A research team compares wheat varieties spanning 120 years.
The number of people affected by coeliac disease or sensitivity to wheat or gluten has risen sharply in recent years.
Attempting to understand why this might have occurred, researchers from the Leibniz-Institute for Food Systems Biology at the Technical University of Munch and the Leibniz Institute of Plant Genetics and Crop Plant Research, Germany, have been investigating whether modern wheat varieties contain more immunoreactive protein than in the past. The research has been published in Journal of Agricultural and Food Chemistry.
The researchers explain that wheat grain comprises 70% starch. Protein is about 10%-12%, with gluten accounting for the majority of this. Gluten is a compound mixture of different protein molecules which can roughly be divided into two groups; gliadins and glutenins. It is believed that gliadins are responsible for the immune reactions that impact many people.

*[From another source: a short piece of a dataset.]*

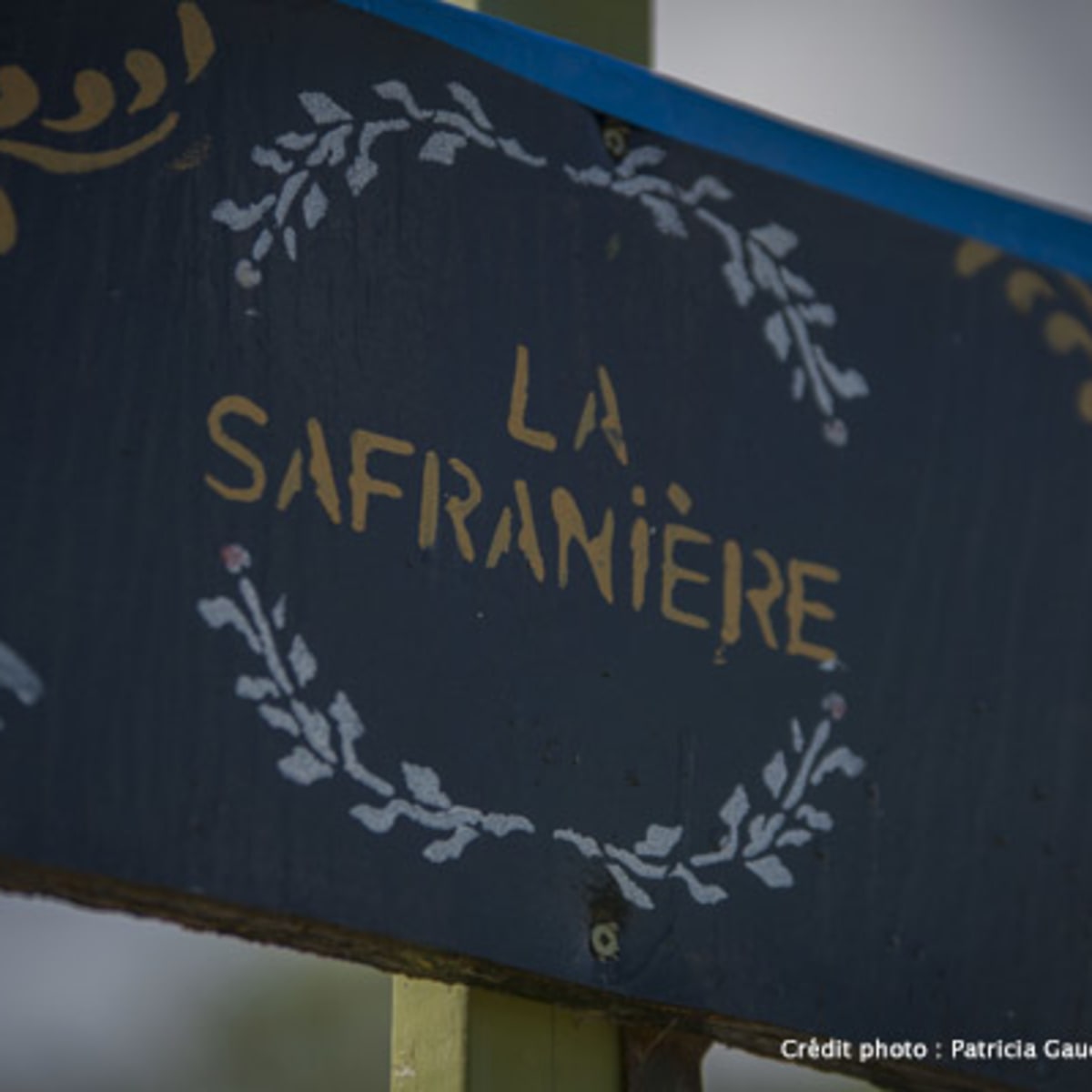 safran_nordique_5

Investigating differences between the old and modern varieties of wheat the research team looked at the protein content of 60 preferred wheat varieties between the years 1891 and 2010. This was made possible due the extensive seed archive at the Leibniz Institute of Plant Genetics and Crop Plant Research.
Cultivating the different varieties under the same conditions during 2015, 2016 and 2017, the researchers found that overall; modern wheat varieties had slightly less protein than older ones. In contrast the gluten content remained constant over the 120 years, although the composition of the gluten was found to have changed slightly.
While the proportion of critically viewed gliadins fell by around 18%, the proportion of glutenins rose by around 25%. The researchers also observed that higher precipitation in the year of harvest was accompanied by higher gluten content in the samples.
Katharina Scherf, Professor at the Karlsruhe Institute of Technology said ‘Surprisingly, environmental conditions such as precipitation had an even greater influence on protein composition than changes caused by breeding. In addition, at least on the protein level, we have not found any evidence that the immunoreactive potential of wheat has changed as a result of cultivation factors.’
However, Scherf pointed out that not all protein types contained in wheat have been investigated with regard to their physiological effects, and therefore there was still a lot of work to be done.